In “Darkness,” Pierre, a former French architecture student — he dropped out after a breakdown — travels to Therme Vals, the famous hotel and spa complex in the Swiss Alps. Yes, it’s a real place, but in this story, our hero finds that the walls and spaces don’t add up right. And then there’s that local myth about another kind of space — a “mouth of the mountain” that opens every 100 years to swallow a foreigner. A foreigner like Pierre. Or perhaps like the other visiting Frenchman, who is also obsessed in the spa’s secrets.
Or maybe Pierre’s just going mad.
Yes! An architectural mystery! And it’s good! Suspenseful, somewhat surreal and … sexy. (It’s French.
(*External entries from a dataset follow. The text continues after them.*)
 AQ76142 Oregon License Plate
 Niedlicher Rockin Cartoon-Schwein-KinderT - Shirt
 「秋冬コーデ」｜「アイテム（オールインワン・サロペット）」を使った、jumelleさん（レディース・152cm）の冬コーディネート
So there’s sex.)
“Swimming in Darkness” is written by Lucas Harari, who also draws it in the pleasant, inoffensive Franco-Belgian style. Which can still be spooky, especially when the ordinary suddenly seems threatening.
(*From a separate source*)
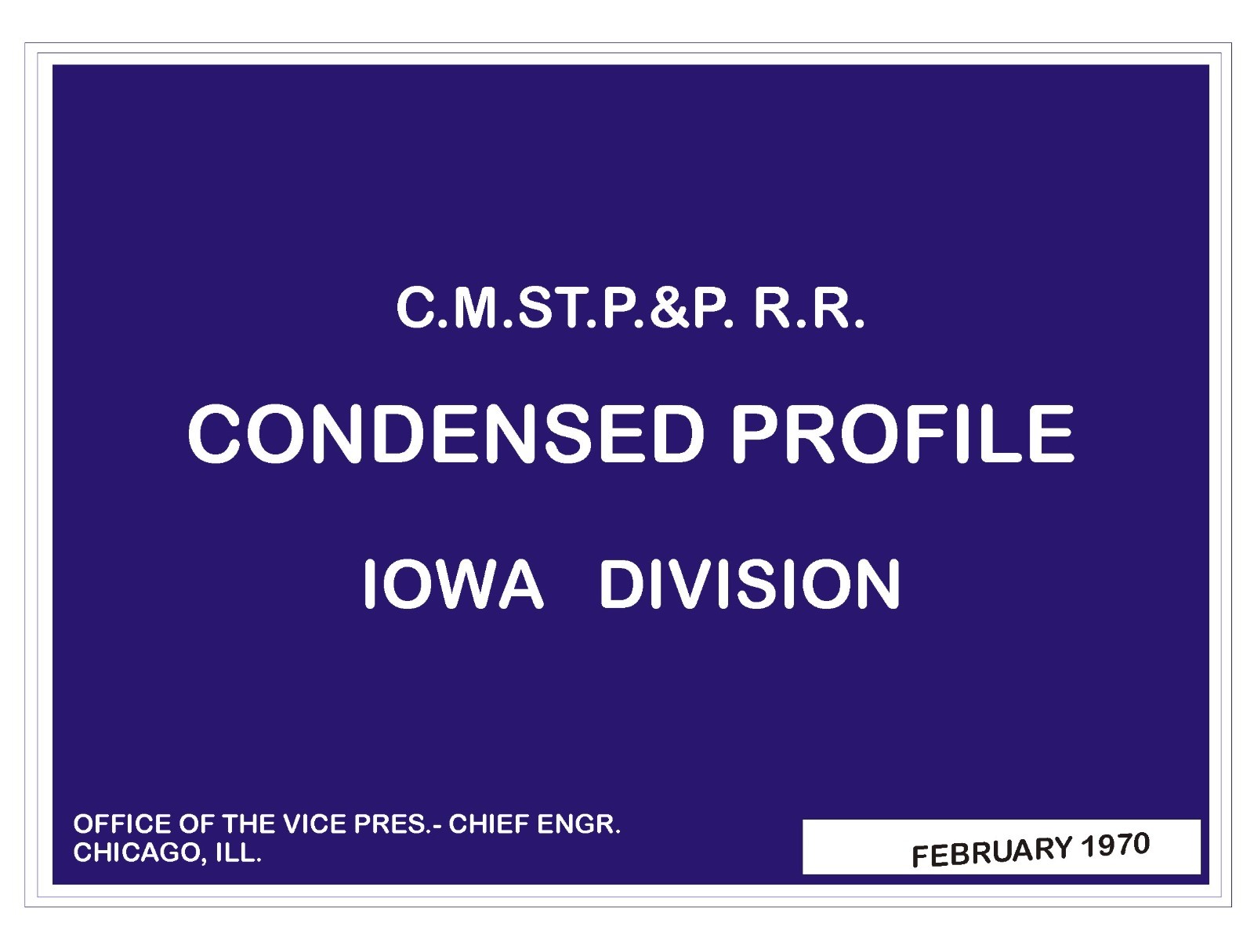 Milwaukee Road CMStP&P 1970 Iowa Division Condensed Profile PDF Pages on DVD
“Blade Runner 2019” (Titan Comics, $16.99): I loved “Blade Runner,” the original movie with Harrison Ford, so any effort to milk that IP had better be doggone good. In fact, it better pass the Voight-Kampff test.
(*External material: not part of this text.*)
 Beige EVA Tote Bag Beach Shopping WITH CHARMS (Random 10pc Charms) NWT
And doggone if “Blade Runner 2019 Vol. 1: Welcome to Los Angeles” isn’t pretty perfect. Published by the UK’s Titan Comics, this graphic novel collects the first four issues of a new series, and it really captures the spirit, the feel, even the look of the classic movie. And, although few remember this detail, it takes place at the same time as the original movie: 2019.
“BR 2019” stars Detective Ashina — Ash to her acquaintances, whom I would not call “friends” — who is on the hunt for a missing child that somehow involves replicants, for both personal and professional reasons. Yes, Ash has some secrets, too — because of course she does! It’s detective noir!
Anyway, we follow Ash through the grimy, perpetually raining, neon hellscape of dystopian Los Angeles on her mission, as she shoots and gets shot at. Sure, somewhere across town Rick Deckard is doing much the same thing, but we don’t meet him. Instead, Ash is an excellent substitute, similar enough to scratch the Blade Runner itch, but not so close as to be a pale copy.
That stands to reason, as one of the writers of “Blade Runner 2019” is Michael Green, who wrote the screenplay for “Blade Runner 2049.” And the gorgeous art of Andres Guinaldo is properly cinematic — but never forgets that this is comics, not cinema, and never once did an artsy shot make me lose track of what was going on.
“Blade Runner 2019” takes all the best bits of its inspiration, but heads off in a different direction, world-building as it goes. If this is the beginning of a long-term franchise, count me in.